Have a look at the Bench test (link in my signature).


----------



## dlb20024 (Jan 10, 2008)

*Re: Computer Shuts Down 2-3 seconds after start up*

When i initially put the system together i optimistically put the graphics card in aswell, it is Nvidea 8800 GT 512MB. However since this problem i have removed it and been using the motherboards onboard graphics adapter when attempting to get it to boot.

I have 1x4GB DDR2 800 RAM installed also, i have also tried starting the system with the RAM not installed , same problem.


----------



## Deleted090308 (Jan 25, 2007)

*Re: Computer Shuts Down 2-3 seconds after start up*

Since it's a new motherboard I think you should go through the steps in the Bench test.

Did you check the standoffs between the case and the mobo to make sure there isn't a short?


----------



## Falconoffury (Sep 26, 2006)

*Re: Computer Shuts Down 2-3 seconds after start up*

The bench test is a good idea. If that doesn't work, see if your manual will help you find that sticker. It should be near your CMOS sensor. 

I posted a similar question on the eggxpert forums to avoid your situation with the same processor. I haven't ordered anything yet. Anyway, I got some good replies on the subject of old BIOS versions shipping with motherboards. 
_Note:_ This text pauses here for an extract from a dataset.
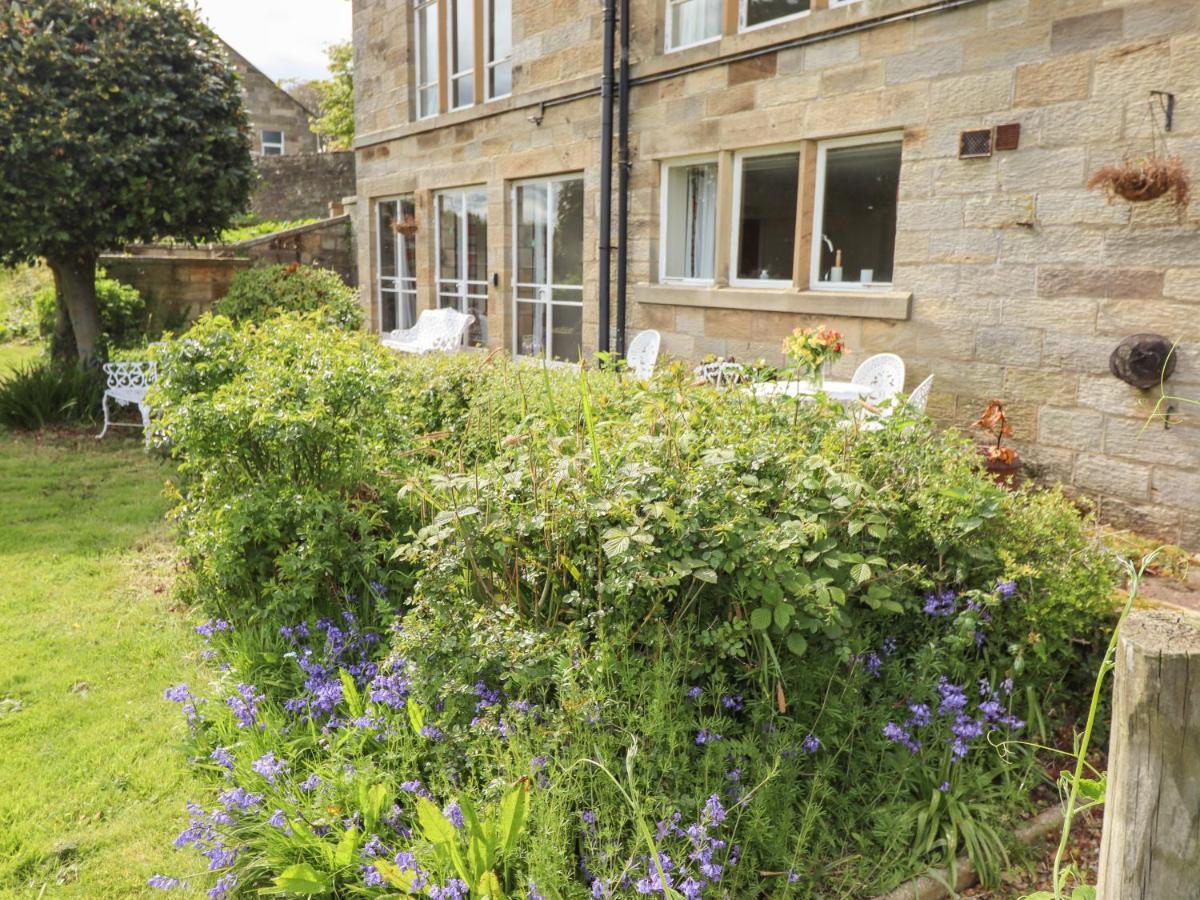 The Garden Apartment Whitby Exterior photo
http://www.eggxpert.com/forums/thread/239315.aspx


----------



## 92b16vx (Mar 18, 2005)

*Re: Computer Shuts Down 2-3 seconds after start up*



dlb20024 said:


> I have 1x4GB DDR2 800 RAM installed also, i have also tried starting the system with the RAM not installed , same problem.


Did you try it with one stick? Two? Or none? It sounds like you tried with none. Put in one stick in the first slot and try it.
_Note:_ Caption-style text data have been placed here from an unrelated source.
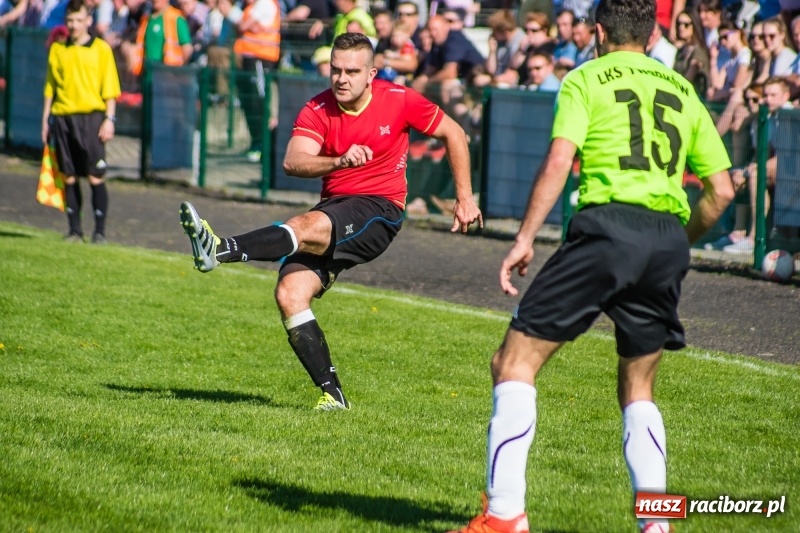 Zdjęcie w galerii na portalu naszraciborz.pl: Derby gminy. Gole Twaroga i Kowalczyka, to na Chałupki nie styka wiadomości z regionu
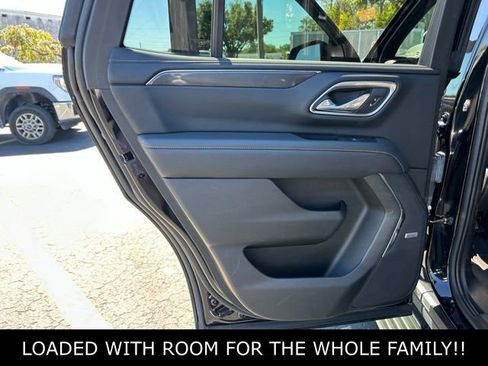 Used 2023 GMC Yukon AT4 w/ AT4 Premium Package AWD/4WD image 13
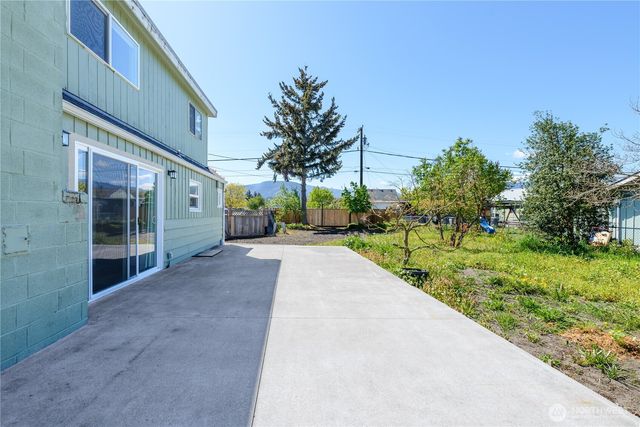 405 W Spruce Street, Sequim, WA 98362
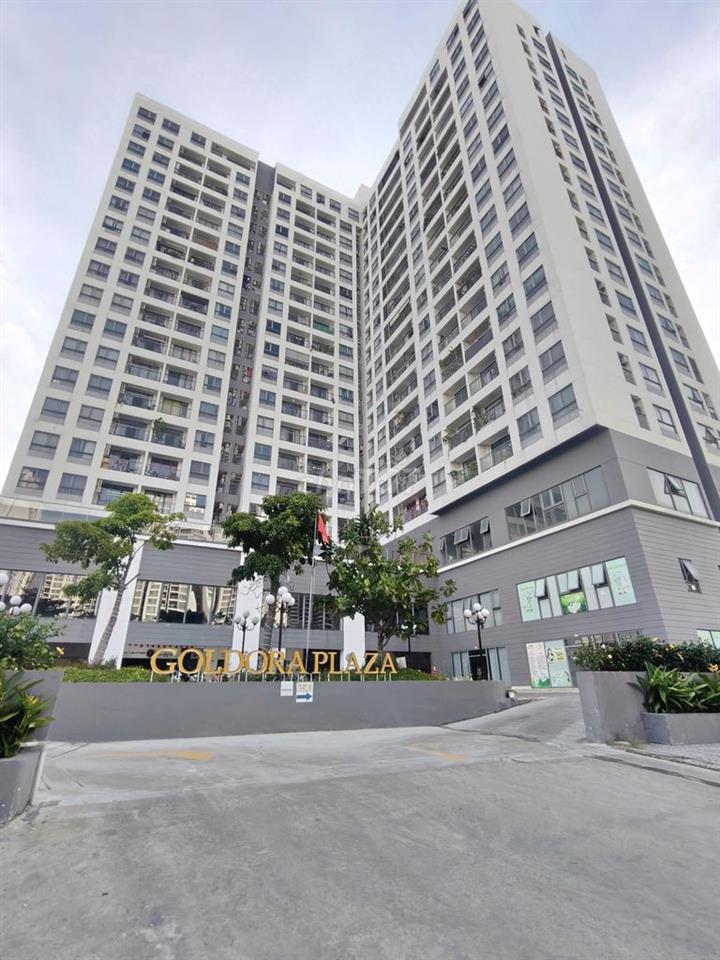 share phòng cho nữ chung cư GOLDORA PLAZA trong căn 3pn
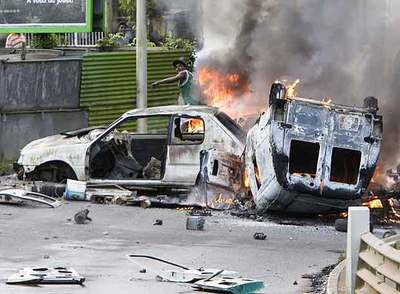 Vehículos quemados para levantar barricadas por los huelguistas en Pointe-à-Pitre, en la isla francesa de Guadalupe, en el Caribe.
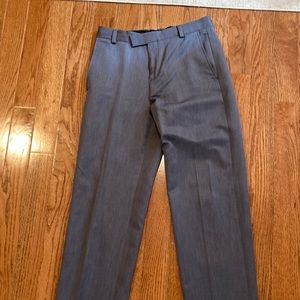 Gray flat front Kenneth Cole slacks. Size 30 x 30. Lightweight.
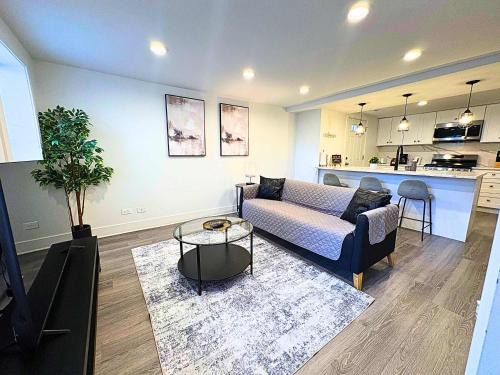 Stylish 1BR with Laundry In-unit - Aberdeen G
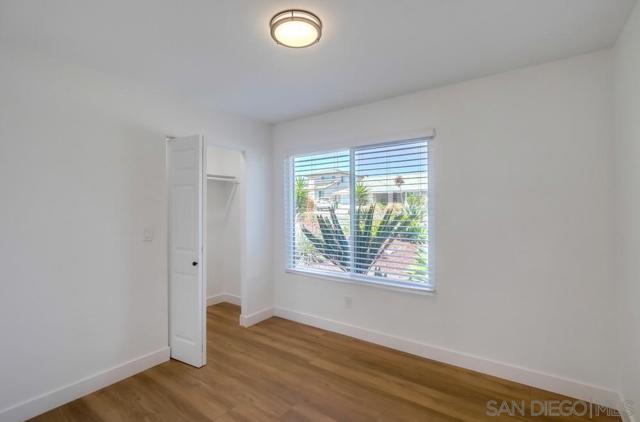 13113 Calle De Las Rosas, San Diego CA: https://media.crmls.org/mediaz/fbb23eff-06a6-41e2-b698-d96aa76b0857.jpg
And definitely make sure you BIOS is updated.


----------



## dlb20024 (Jan 10, 2008)

*Re: Computer Shuts Down 2-3 seconds after start up*



92b16vx said:


> Did you try it with one stick? Two? Or none? It sounds like you tried with none. Put in one stick in the first slot and try it.
> 
> And definitely make sure you BIOS is updated.


Most times i have tried booting it has been with 1x4gb stick. I tried it without to see if it made a difference. 

I have scoured the motherboard, and have found a white label on the motherboard, with a serial number, followed by "1102" , whether this indicates the BIOS version i am not sure. Also i cannot find the version in my manual. 

I have checked the motherboard fitting to ensure there is no incorrect contacts with the case.


----------



## dlb20024 (Jan 10, 2008)

*Re: Computer Shuts Down 2-3 seconds after start up*

Issue Resolved. Turned out to be faulty PSU.

Thanks for the help! very relieved


----------



## Deleted090308 (Jan 25, 2007)

*Re: Computer Shuts Down 2-3 seconds after start up*

Thanks for letting us know.


----------



## mesmerman (Jan 24, 2010)

I had the same issue but the solution was to change my Power button switch that attaches to the Motherboard.


----------